[Python-Dev] Can the cgi module be made Unicode-aware? (original) (raw)

Guido van Rossum guido@python.org
Thu, 11 Apr 2002 08:56:26 -0400


I keep trying to handle various places in my code where I can get input in non-ASCII encodings. Today I realized the cgi module does nothing to translate Unicode data into unicode objects. I see in one instance that I am getting data that is clearly utf-8 encoded, but I see nothing in the CGI script's environment variables to suggest the client web browser told the server how the data was encoded other than the obvious "Content-Type: application/x-www-form-urlencoded". Is utf-8 implied for the data once the url encoding has been reversed?

I very much doubt it.

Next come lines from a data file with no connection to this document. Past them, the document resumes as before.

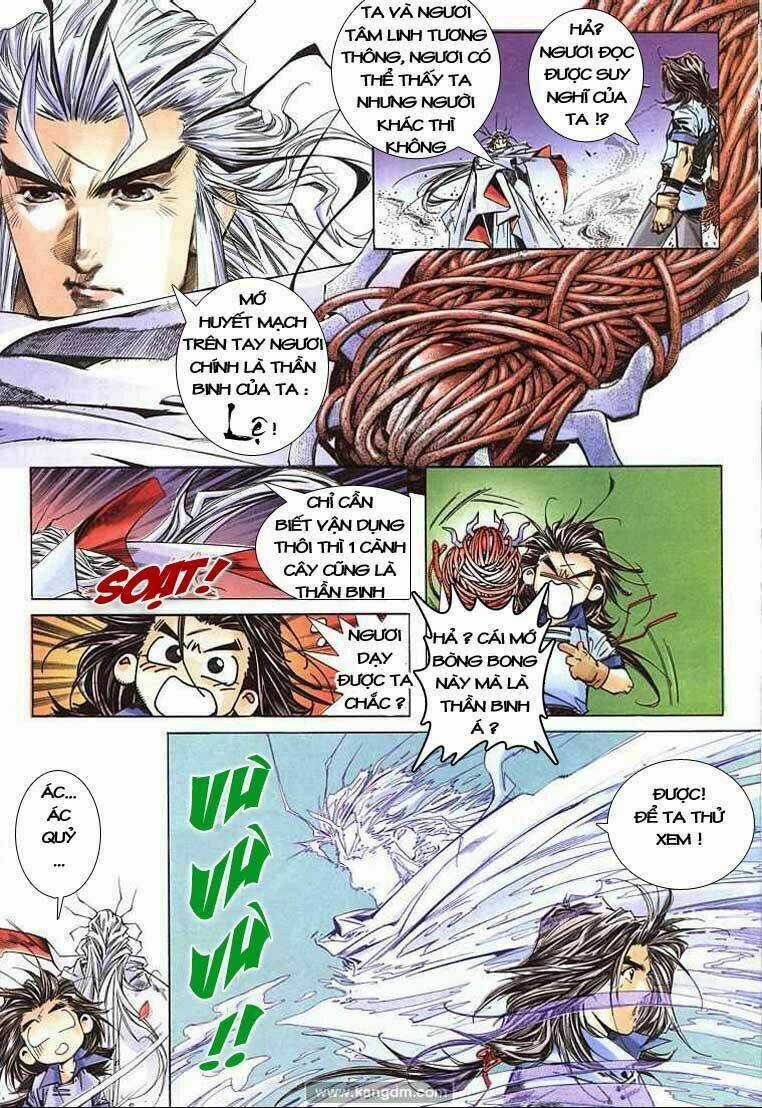 Kiếm Hồn - Sword Soul - Chapter 2 - Trang 25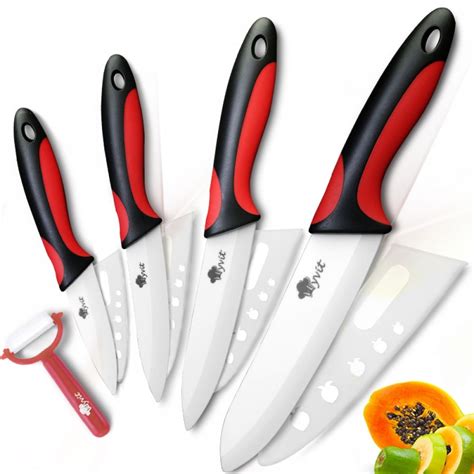Colorful Ceramic Kitchen Knives And Peeler Set Price 1467 And Free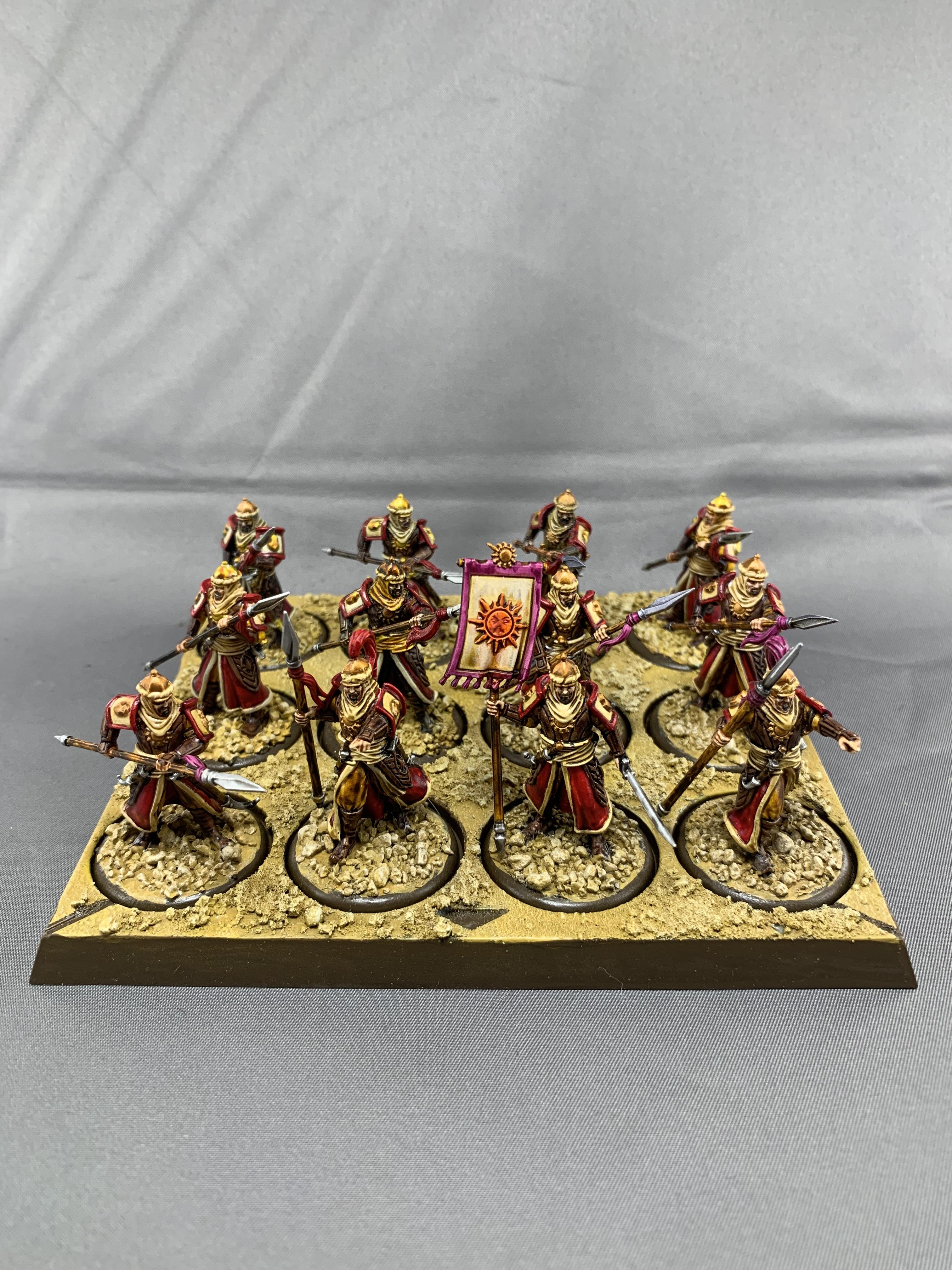 House Martell spearmen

You probably received that UTF-8 data from a non-standard-conforming browser.

Should the cgi module be made Unicode-aware? If so, how? I can never remember the incantation to convert non-ASCII string objects to Unicode objects and nothing I've tried by trial-and-error so far works.

I must be misunderstanding your question, because the answer I'm thinking of is unicode(s,'utf8') and that can't possibly be what you can never remember.

I don't want to adopt the workaround outlined in FAQ question 4.102 (change the default site-wide encoding). Perhaps that question should be extended with more appropriate information about converting raw strings with non-ASCII content to unicode.

(There's also an approach that tries to compare the converted to the unconverted version and catches the exception; if no exception is raised, the input string was pure ASCII and the Unicode conversion is unnecessary.)